Most Helpful Customer Reviews

32 of 32 people found the following review helpful By L. J Lewis on April 26, 2007
Format: Paperback
It's undeniable that the translated manga market skews towards younger readers. It's doubtful that Fumiyo Kouno's Town of Evening Calm, Country of Cherry Blossoms will sell many copies. It has no torrid love story or super-powered teenagers. The stories contained within are slow, sad, and literary in their sensibilities.

Town of Evening Calm is my favorite of the two stories in the collection. This takes place in Hiroshima, ten years after the dropping of the atomic bomb. Minami is a young seamstress who lives in the Atomic Slum. Like most people in the city, she is still haunted by the events of ten years ago. Her survivor's guilt is so intense that refuses to let herself be happy. This is a story about how she's going on with her life and trying to be at peace with herself.

The two part Country of Cherry Blossoms is about how the effects of tragedy cross generations. This story features Nanami, niece of Minami. In the first part, Nanami is a happy-go-lucky fifth grader. In contrast to her childhood innocence, the second part picks up about a decade later.

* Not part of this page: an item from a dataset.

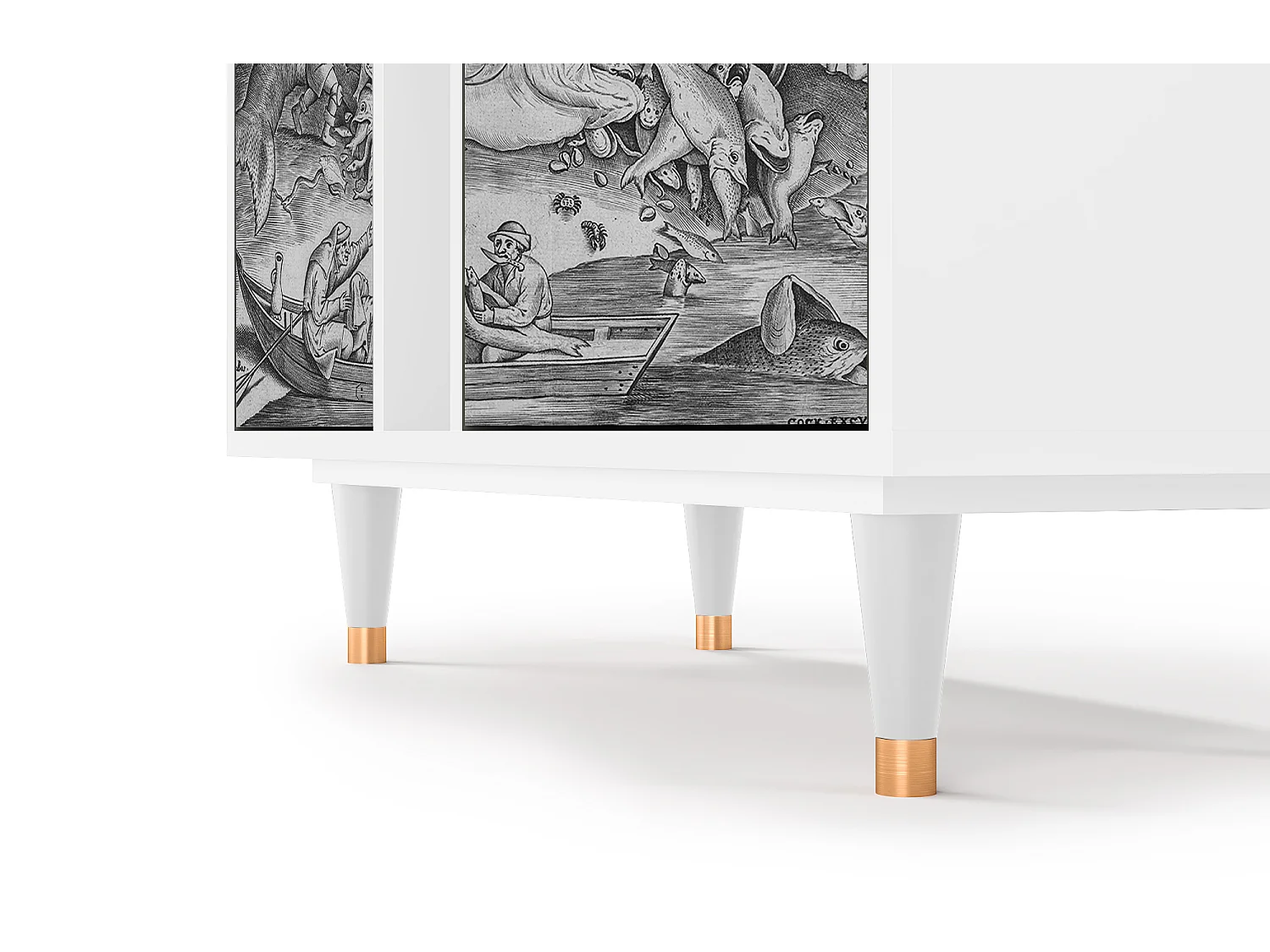 Kredens - 94х96х41 cm - BS5 - Big Fish Eat Little, Biały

Nanami is now a slightly jaded adult who worries about the mental health of her aging father. Her father has been disappearing for days at a time recently, and she follows him on one of his excursions to Hiroshima. This gives her a chance to reconnect with her family's history and her own childhood.

Town of Evening Calm, Country of Cherry Blossoms is a beautiful, melancholic collection of stories of how the past haunts the present. Although it may seem short for its price tag (it barely exceeds one hundred pages) I'm sure it will enchant mature readers with its lovely art, haunting atmosphere, and subtle character-driven story-telling. I found it beautiful in every way a story can be. That's the highest praise I can give.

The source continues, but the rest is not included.